What Schools can Learn from Santa


I’m at it again, talking crazy talk. Earlier this year, I wrote about schools learning from car insurance companies and now Santa?

Yep, Santa.  I think most people have seen “Miracle on 34th Street” the classic Christmas movie in which Santa tells shoppers to go somewhere else if they couldn’t find the toys they wanted at Macy’s. While the store’s management was furious, the reality was that this move actually proved to be beneficial for the store. By Santa putting the needs of the customers above the “sales goals” of the store, he actually helped to improve the experience of the shoppers significantly. Santa built a level of trust with the shoppers that made them feel like the store really cared.

As schools, we can embrace this mindset of putting customers’ needs above our own and really make our customers feel like we care about them and are here to help. That approach builds trust, which is especially important when you consider we’re asking parents to entrust us with educating their children, and shows that we’re not just looking to fill a chair/bed and earn a tuition check.

What can we do to improve the experience of our customers and show that we care? Think about how you communicate with families at your school, for example. While every department may want different ways to communicate with students and families, sometimes having freedom for every arm of the school to do what it wants can detract from the overall experience of the family. We often have tools that allow us to communicate in dozens of ways, and if families don’t know what to expect, it means they might miss something.

Think about how all school information is shared: email, website, notifications, blogs, apps, portals, etc. Finding a way to streamline this information into one consistent platform is a great first step. Does the school filter all emails through one department to oversee timing and messaging, and ensure that families are not hit too many times at once? Or is it every office for itself, doing whatever it wants and sending notices at any given moment? Find out and add up how many times you email your families. You might surprise yourself how often they could be hit on a given day or week.

Let’s break it down and look at just your email processes. You might not realize it, but teachers, coaches, advisors, the development office, business office, dean’s office, school nurse and other offices might each be sending out information to families. Does the school filter all these emails through one department to combine messages into a weekly newsletter and oversee timing and messaging of necessary one-off emails to ensure that families have a regular communication time and are not hit too many times at once? Or is it every office for itself, doing whatever it wants and sending notices at any given moment? Find out and add up how many times you email your families and students. You might surprise yourself how often they could be hit on a given day or week.

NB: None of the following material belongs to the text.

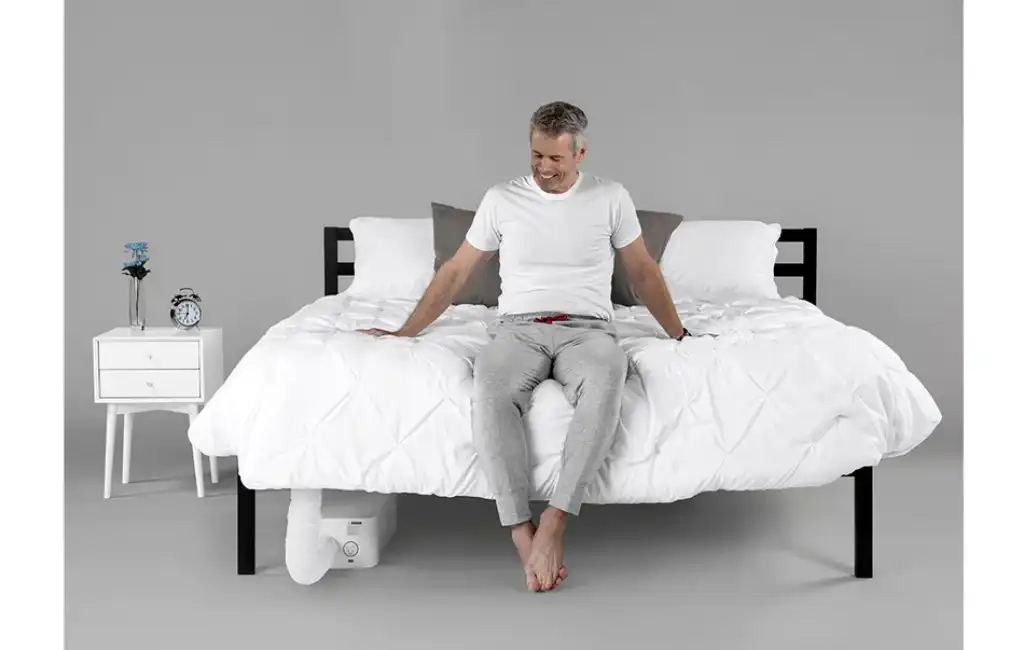 man-sitting-on-bed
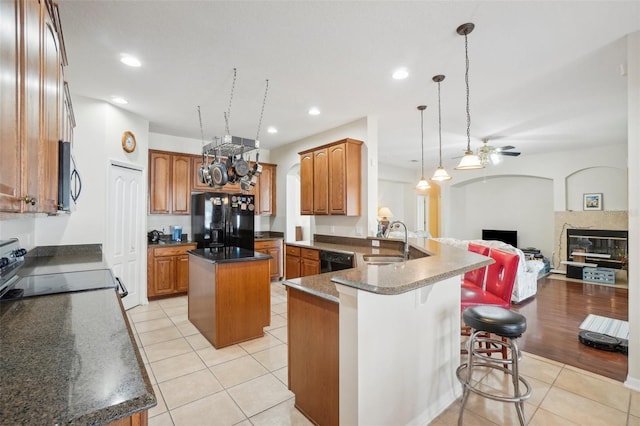 kitchen featuring a center island, sink, light hardwood / wood-style flooring, kitchen peninsula, and black appliances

That’s not the only place we can put customers’ needs above our own. Consider the various forms at your school, perhaps. Are your forms overly complicated for parents because they truly NEED to be, or because it makes our lives easier at the school when it comes to data entry and saving time?

The school’s donation form is one of the first places I can see an immediate customer experience issue. We want customers to give us money because they care about us, but yet so many schools make the gift-giving process cumbersome. With many people relying on their phones as a primary point of contact, is your form optimized for mobile? How many questions do you ask on the form? Do you REALLY need the donor’s email, phone, address, class year, spouse name, job information, and credit card info? Or could you get away with just name, email, credit card info? Then you look up the information you need in your database and follow up with them via email if more information is required. It may take a few more minutes of your own time, but if you’re getting a donation that you wouldn’t otherwise get AND building relationships, isn’t it worth the effort?

The admission inquiry form is another perfect example. Schools typically require families to fill out an inquiry form that’s more akin to a pre-application than a true inquiry form. Do you really really need every field on that form to be there? Could you maybe get away with using only three or four fields, and then following up with the family to get more information? Look at ways to simply the form, and you might actually see more inquiries coming in.

A great customer experience is crucial for a business, including schools, to be successful. We often forget that our families are customers and that we need to make sure they are happy. We do want them coming back to annually and telling others how amazing we are. What are you doing to improve your own customers’ experiences?